WORK TO COMPLETE> An exact copy of the records below is required, and it must contain no pictures.

Stored entries>
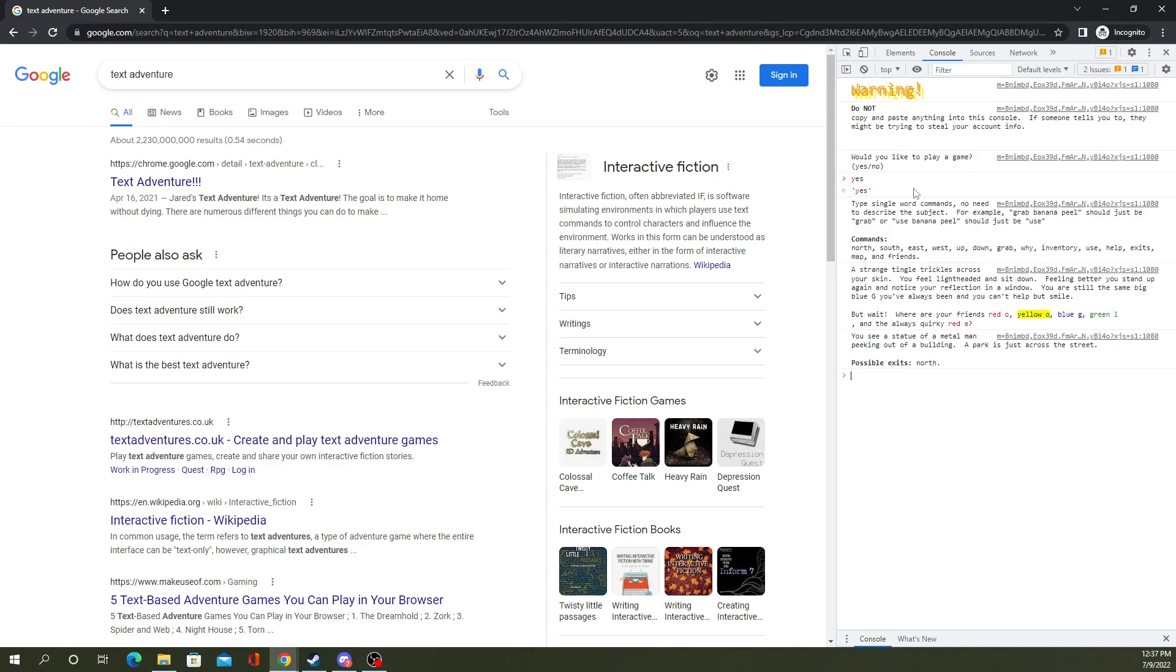So basically, you just read through. You follow the commands. It's just a little text adventure you can play. Anyway, that's all we have for you today. Thanks for watching. Please remember to like and subscribe.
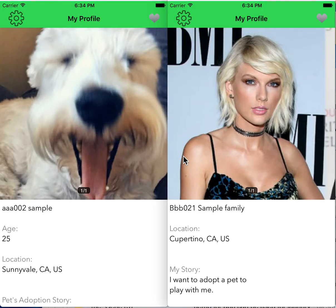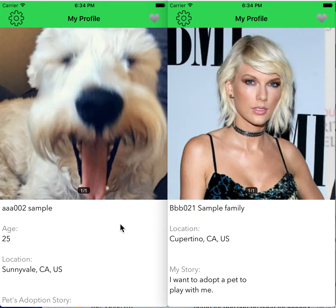This is an example of how a pet adopter app works. These are two different people that have a pet adopter open. The one on the left is a person with a white dog, and the one on the right is Taylor Swift. At this point, they're going to try to find each other.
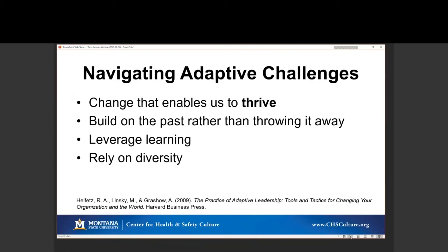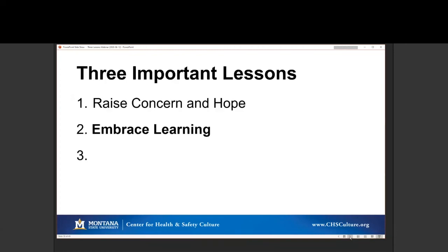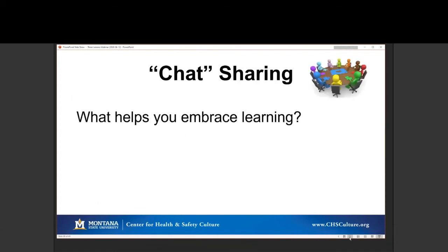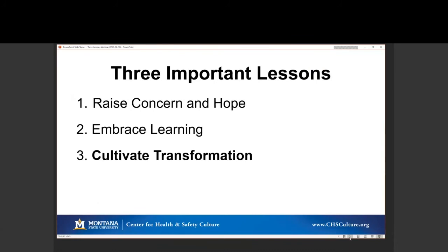Diversity is key — if we have the same players we've always had, we're going to see it the same way. If we have diversity and lots of different viewpoints, we're going to start to see things new and differently, and that's going to allow us to break through. The hardest part about adaptive challenges is they take time. With problem solving we can lay out a timeline and say it will be done by a specific date. With adaptive challenges, we can't do that — we don't have that degree of specificity. So the second lesson is key: it's around embracing learning and creating space for yourself and your team to learn.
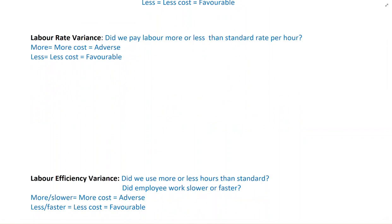Labor rate and efficiency shouldn't be looked at in isolation. Usually when your rate is favorable it means the employee is lower-skilled, and a lower-skilled employee takes more time, so your efficiency variance would be adverse. If your rate is adverse, that means the employee is highly skilled and takes less time, making your efficiency favorable. So if one is adverse the other is expected to be favorable, though in an exam both could be favorable or both could be adverse.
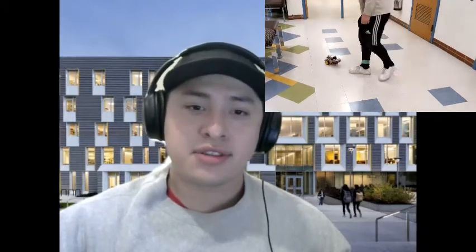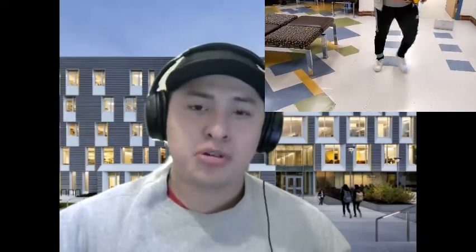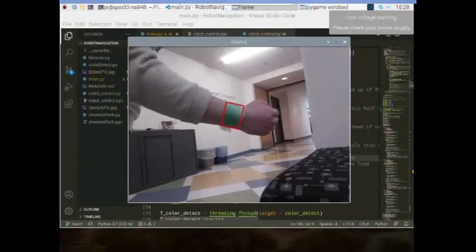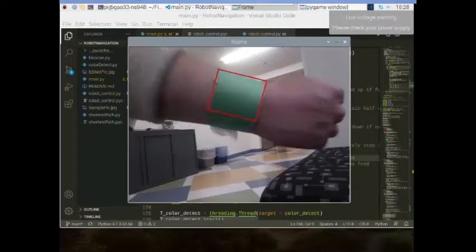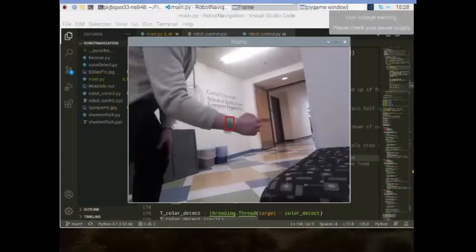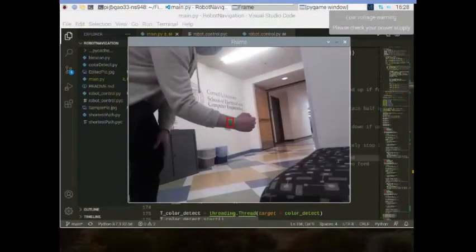Based on the distance at which the user is away from the robot, the robot will either slow down, speed up, or maintain its speed. This is done proportionally to the bounding area that's being calculated for the sensor that we mimic on the user.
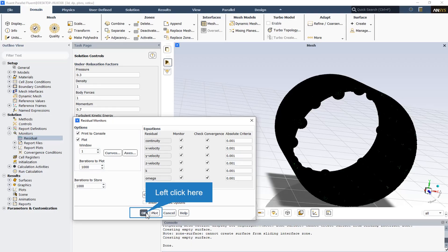The residual monitors dialog box controls the residual information that Fluent reports. In the equations section, the residual option indicates the name of each variable for which residual information is available, and the monitor option indicates whether residuals for each variable are to be monitored. You can toggle monitoring on and off for each variable. The check convergence option indicates whether convergence of each variable is to be monitored, and the solution will stop automatically when each variable meets its specified convergence criterion.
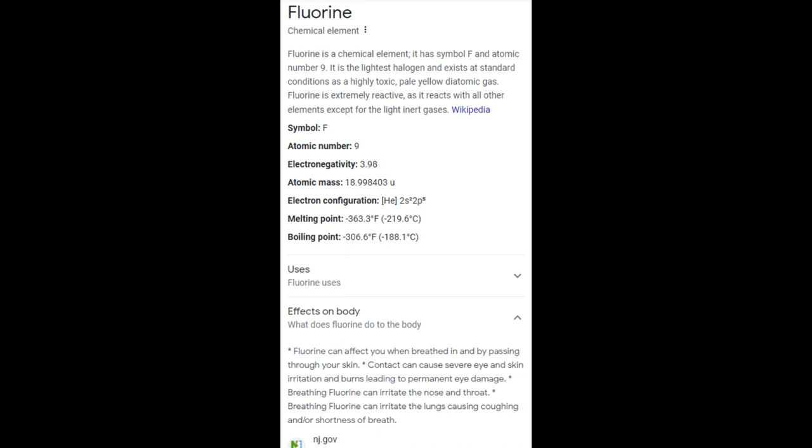This brings us to the main subject of our video: fluorine — however you want to pronounce it. Notice the spelling — if you take away the 'u' you have 'florin,' which is a mark of currency from past centuries. Fluorine is a chemical element with symbol F and atomic number 9. It is the lightest halogen and exists at standard conditions as a highly toxic pale yellow diatomic gas. Fluorine is extremely reactive, reacting with all other elements except the light inert gases.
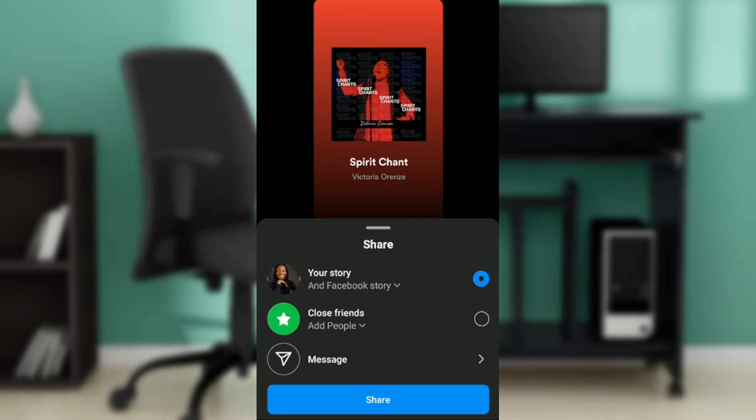That's how you can add your Spotify music to your Instagram story. You can go through this video from top to bottom to get acquainted with the steps, and once you're done you will be good to go. I hope this video helped your search.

REPLY TO THE EXERCISE>
So basically, you just read through. You follow the commands. It's just a little text adventure you can play. Anyway, that's all we have for you today. Thanks for watching. Please remember to like and subscribe.
This is an example of how a pet adopter app works. These are two different people that have a pet adopter open. The one on the left is a person with a white dog, and the one on the right is Taylor Swift. At this point, they're going to try to find each other.
Diversity is key — if we have the same players we've always had, we're going to see it the same way. If we have diversity and lots of different viewpoints, we're going to start to see things new and differently, and that's going to allow us to break through. The hardest part about adaptive challenges is they take time. With problem solving we can lay out a timeline and say it will be done by a specific date. With adaptive challenges, we can't do that — we don't have that degree of specificity. So the second lesson is key: it's around embracing learning and creating space for yourself and your team to learn.
Labor rate and efficiency shouldn't be looked at in isolation. Usually when your rate is favorable it means the employee is lower-skilled, and a lower-skilled employee takes more time, so your efficiency variance would be adverse. If your rate is adverse, that means the employee is highly skilled and takes less time, making your efficiency favorable. So if one is adverse the other is expected to be favorable, though in an exam both could be favorable or both could be adverse.
Based on the distance at which the user is away from the robot, the robot will either slow down, speed up, or maintain its speed. This is done proportionally to the bounding area that's being calculated for the sensor that we mimic on the user.
The residual monitors dialog box controls the residual information that Fluent reports. In the equations section, the residual option indicates the name of each variable for which residual information is available, and the monitor option indicates whether residuals for each variable are to be monitored. You can toggle monitoring on and off for each variable. The check convergence option indicates whether convergence of each variable is to be monitored, and the solution will stop automatically when each variable meets its specified convergence criterion.
This brings us to the main subject of our video: fluorine — however you want to pronounce it. Notice the spelling — if you take away the 'u' you have 'florin,' which is a mark of currency from past centuries. Fluorine is a chemical element with symbol F and atomic number 9. It is the lightest halogen and exists at standard conditions as a highly toxic pale yellow diatomic gas. Fluorine is extremely reactive, reacting with all other elements except the light inert gases.
That's how you can add your Spotify music to your Instagram story. You can go through this video from top to bottom to get acquainted with the steps, and once you're done you will be good to go. I hope this video helped your search.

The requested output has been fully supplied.